▶ **Exercise description**: Count every line in the following entries where the word "Photo" appears. Give the count alone.

▶ **Data section**:

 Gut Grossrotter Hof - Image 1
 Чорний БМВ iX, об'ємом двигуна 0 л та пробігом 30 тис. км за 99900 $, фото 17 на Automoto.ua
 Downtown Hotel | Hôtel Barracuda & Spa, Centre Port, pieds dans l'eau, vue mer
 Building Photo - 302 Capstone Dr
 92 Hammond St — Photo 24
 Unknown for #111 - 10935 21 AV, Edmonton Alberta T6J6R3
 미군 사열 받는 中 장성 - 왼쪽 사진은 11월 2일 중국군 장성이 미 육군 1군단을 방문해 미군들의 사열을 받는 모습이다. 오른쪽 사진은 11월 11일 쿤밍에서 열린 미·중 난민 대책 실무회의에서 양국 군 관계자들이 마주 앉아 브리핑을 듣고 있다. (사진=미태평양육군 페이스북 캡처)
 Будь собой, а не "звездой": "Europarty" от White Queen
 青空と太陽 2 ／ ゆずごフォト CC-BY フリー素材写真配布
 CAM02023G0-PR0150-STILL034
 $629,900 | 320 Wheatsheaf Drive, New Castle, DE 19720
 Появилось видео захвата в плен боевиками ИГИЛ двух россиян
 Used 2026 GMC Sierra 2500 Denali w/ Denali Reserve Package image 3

▶ **Answer to the problem**: 2